The shift of the (101) XRD peak toward lower 2θ value may be due to the presence of Ti–O–N–O linkages formed by interstitial doping of nitrogen in the lattice of TiO₂. The presence of oxidized nitrogen is due to the nitrogen substitution for titanium in TiO₂ lattice.⁸⁰ Hsu et al. reported that N chemical states of the positively charged nitrogen species (N²⁺ or N³⁺) correspond to Ti–O–N–O linkage. Interstitial doping affects the lattice structure of N-doped TiO₂.⁸¹

3.4. FTIR analysis

Fourier transform infrared (FTIR) spectra of commercial TiO₂ and TiO₂ NCs prepared at 200 °C for 48 h are shown in Fig. S1 (ESI†). The bands located from 400–1000 cm⁻¹ are attributed to Ti–O stretching and Ti–O–Ti bridging stretching modes. A broad band observed in between 3000–3600 cm⁻¹ is due to the O–H stretching mode of hydroxyl group. The band at 1659 cm⁻¹ for TiO₂ Ncs prepared at 200 °C for 48 h can be attributed to the O=C–O–Ti bond of the carbonate structure, further confirming that doped carbon substituted surface Ti atoms to form a carbonate structure, while the band at 1645 cm⁻¹ for commercial TiO₂ is due to the O–H bending vibrations of the adsorbed water molecules.^82,83

The band at 1535 cm⁻¹ is assigned to the N–H in-plane bending vibration and C–N stretching vibration and the band at 1179 cm⁻¹ is due to C–N stretching.⁸⁴ No such nitrogen related bands are observed for commercial TiO₂, suggesting that the N species have been incorporated into the lattice of TiO₂ nanocuboids.

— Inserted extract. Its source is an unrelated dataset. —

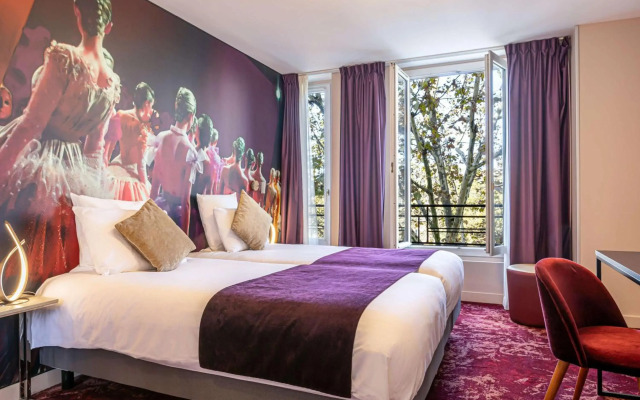 Hotel Design Sorbonne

3.5. UV-visible-DRS spectra

The UV-vis diffuse reflectance spectra of commercial TiO₂ and as prepared TiO₂ NCs are shown in Fig. 6a. The commercial TiO₂ shows the typical optical absorption in the UV part of the spectrum whereas all of the as prepared TiO₂ NCs show higher UV absorption intensity with a distinct new absorption tail in the visible light region (400–750 nm). Park et al.⁷⁹ have been reported that surface fluoride species are responsible for higher UV absorption whereas the absorption edge region is unaffected by the surface fluorination when F–TiO₂ is prepared around pH 3–4. However the enhanced absorption in the visible region (the tail) could be attributed to the interstitial N-doping as reported in the previous article⁶¹ as well as the presence of carbonaceous and carbonate species on the surface of TiO₂ NCs. The carbonaceous and carbonate species can act as a photosensitizer and could cause a long-tailed absorption in the visible-light region.^65,85–87 Thus TiO₂ NCs can absorb more number of photons and can increase the number of photogenerated electrons and holes to participate in the photocatalytic reaction. All these would enhance the photocatalytic activity of TiO₂ NCs.

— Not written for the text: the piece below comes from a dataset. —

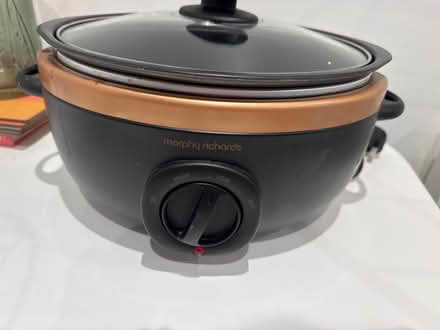 Photo of free Morphy Richard’s slow cooker (Milnrow, OL16) #1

Fig. 6 (a) UV-visible diffuse reflectance spectra and (b) Tauc plots of commercial TiO₂ and as prepared TiO₂ nanocuboids.

Band gap energies (E_g) of the commercial TiO₂ and as prepared TiO₂ NCs can be estimated by using Tauc plots. Fig. 6b shows the plot of (αhν)² versus hν, where α is the absorption coefficient and hν is the photon energy. The intercept of the tangent to the X axis gives the bandgap value. The band gap of commercial TiO₂ was found to be 3.27 eV and for TiO₂ NCs prepared at different reaction conditions, i.e. 24 h, 200 °C; 48 h, 150 °C; 48 h, 180 °C and 48 h, 200 °C, the band gap values were 3.24, 3.20, 3.16 and 3.12 eV respectively (Table 1).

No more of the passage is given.